The apparent shrinkage of the monetary base has gotten attention from some pundits lately. I have warned that the apparent shrinkage was really a shell game that flows from the way the economic priesthood defines reserves, not in any real change in the excessive quantity of money that has driven the stock and bond market bubbles.
Reserves are narrowly defined as cash in circulation and bank reserve deposits at the Fed, which is the largest component. When taxes are paid to the Federal Government or the government raises money through net new debt offerings, money flows from bank reserve deposits to the US Treasury account at the Fed. That cash is excluded from “reserves” by definition, but only temporarily. Both bank reserve deposits and US Treasury deposits at the Fed are still Fed short term liabilities.

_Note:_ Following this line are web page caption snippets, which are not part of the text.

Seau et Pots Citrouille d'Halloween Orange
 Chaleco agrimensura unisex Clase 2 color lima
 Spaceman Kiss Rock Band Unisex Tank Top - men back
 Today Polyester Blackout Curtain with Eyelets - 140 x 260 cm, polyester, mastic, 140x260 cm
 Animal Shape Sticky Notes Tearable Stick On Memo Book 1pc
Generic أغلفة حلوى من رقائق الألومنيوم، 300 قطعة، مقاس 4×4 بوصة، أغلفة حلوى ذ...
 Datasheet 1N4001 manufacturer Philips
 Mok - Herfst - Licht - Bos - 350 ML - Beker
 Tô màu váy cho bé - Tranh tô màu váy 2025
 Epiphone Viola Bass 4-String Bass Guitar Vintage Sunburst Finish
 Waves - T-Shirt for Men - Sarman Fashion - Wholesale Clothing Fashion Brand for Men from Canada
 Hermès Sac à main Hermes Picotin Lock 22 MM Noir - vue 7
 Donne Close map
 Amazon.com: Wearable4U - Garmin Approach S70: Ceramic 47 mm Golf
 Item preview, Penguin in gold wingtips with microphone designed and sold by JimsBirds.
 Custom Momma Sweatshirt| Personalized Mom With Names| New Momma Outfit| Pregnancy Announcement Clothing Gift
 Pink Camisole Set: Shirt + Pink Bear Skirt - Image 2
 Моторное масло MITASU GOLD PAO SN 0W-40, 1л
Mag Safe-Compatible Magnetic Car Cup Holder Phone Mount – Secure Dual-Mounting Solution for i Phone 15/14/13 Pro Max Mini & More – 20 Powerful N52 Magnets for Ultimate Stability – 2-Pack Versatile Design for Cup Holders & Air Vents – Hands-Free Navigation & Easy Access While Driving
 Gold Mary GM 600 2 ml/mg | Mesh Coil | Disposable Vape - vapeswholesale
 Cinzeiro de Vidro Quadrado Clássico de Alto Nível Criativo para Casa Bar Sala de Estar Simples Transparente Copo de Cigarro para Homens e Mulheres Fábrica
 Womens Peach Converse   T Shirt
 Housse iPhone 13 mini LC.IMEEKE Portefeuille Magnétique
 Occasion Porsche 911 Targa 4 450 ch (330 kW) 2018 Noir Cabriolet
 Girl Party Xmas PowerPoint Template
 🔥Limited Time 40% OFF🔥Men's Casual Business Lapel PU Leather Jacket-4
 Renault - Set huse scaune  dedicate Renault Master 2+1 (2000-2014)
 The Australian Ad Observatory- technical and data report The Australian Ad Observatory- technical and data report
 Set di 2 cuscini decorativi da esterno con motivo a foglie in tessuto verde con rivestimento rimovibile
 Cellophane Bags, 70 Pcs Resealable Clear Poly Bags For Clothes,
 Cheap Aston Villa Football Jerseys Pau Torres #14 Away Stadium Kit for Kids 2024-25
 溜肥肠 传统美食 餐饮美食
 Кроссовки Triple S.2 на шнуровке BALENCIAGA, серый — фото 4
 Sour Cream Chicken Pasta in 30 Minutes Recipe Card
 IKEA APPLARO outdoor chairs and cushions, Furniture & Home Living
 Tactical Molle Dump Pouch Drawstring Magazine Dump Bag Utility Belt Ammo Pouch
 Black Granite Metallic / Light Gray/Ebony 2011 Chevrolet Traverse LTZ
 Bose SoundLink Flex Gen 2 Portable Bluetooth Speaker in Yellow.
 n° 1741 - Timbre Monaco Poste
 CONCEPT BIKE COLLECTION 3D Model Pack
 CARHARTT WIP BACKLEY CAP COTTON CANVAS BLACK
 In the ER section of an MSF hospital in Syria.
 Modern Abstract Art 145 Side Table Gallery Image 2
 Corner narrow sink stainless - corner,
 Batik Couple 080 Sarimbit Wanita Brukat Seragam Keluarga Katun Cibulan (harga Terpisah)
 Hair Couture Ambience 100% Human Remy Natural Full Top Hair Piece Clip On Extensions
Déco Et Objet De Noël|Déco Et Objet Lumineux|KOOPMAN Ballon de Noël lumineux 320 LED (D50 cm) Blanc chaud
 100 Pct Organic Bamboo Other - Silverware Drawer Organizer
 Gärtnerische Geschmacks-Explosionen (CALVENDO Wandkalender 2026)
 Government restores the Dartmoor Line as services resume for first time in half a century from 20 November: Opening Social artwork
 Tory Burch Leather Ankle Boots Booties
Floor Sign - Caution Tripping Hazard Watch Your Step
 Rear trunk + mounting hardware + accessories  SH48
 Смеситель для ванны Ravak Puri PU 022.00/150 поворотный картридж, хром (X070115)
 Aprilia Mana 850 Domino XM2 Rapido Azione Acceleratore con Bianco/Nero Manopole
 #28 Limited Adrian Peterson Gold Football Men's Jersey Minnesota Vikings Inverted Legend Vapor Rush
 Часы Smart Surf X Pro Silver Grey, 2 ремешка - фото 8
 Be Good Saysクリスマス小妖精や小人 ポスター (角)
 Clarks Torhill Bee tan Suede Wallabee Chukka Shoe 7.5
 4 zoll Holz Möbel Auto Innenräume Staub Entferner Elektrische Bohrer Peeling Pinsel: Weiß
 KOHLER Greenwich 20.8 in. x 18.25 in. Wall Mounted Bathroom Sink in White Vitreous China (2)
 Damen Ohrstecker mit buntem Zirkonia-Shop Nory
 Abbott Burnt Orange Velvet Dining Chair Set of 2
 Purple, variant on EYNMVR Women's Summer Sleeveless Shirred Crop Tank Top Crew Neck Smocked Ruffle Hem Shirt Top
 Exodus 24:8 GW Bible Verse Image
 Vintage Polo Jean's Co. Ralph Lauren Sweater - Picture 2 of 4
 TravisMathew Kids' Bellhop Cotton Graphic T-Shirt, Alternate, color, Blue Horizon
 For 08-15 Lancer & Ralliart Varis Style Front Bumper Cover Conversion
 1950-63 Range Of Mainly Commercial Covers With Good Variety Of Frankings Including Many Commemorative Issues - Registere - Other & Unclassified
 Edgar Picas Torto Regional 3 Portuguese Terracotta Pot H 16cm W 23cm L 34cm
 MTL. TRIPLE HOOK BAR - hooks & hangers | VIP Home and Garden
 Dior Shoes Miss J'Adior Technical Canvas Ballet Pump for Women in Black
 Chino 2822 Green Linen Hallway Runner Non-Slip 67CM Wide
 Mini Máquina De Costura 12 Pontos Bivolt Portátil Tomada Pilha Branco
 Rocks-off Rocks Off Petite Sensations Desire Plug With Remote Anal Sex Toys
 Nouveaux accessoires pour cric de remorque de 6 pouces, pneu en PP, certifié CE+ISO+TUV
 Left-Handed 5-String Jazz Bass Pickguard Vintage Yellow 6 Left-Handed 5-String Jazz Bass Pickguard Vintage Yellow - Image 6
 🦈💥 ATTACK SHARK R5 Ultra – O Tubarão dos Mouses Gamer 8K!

They’re just different line items. When the Treasury ultimately spends the cash, it flows back into banks and is shifted back to reserve deposits on the Fed’s balance sheet.
There are 2 other line items in this shell game. The Fed offers Term Deposits from time to time. These are typically 7 day duration deposits. When there’s what’s called a Term Deposit Facility offering, again money is simply shifted from reserve deposits, which are just like your checking account at the Fed, to these short term deposits which are like savings accounts or very short term CDs. Again, these term deposits are excluded from the definition of reserves. But the money never went away. It’s just stashed under a different line item that isn’t counted as reserves or as part of the monetary base.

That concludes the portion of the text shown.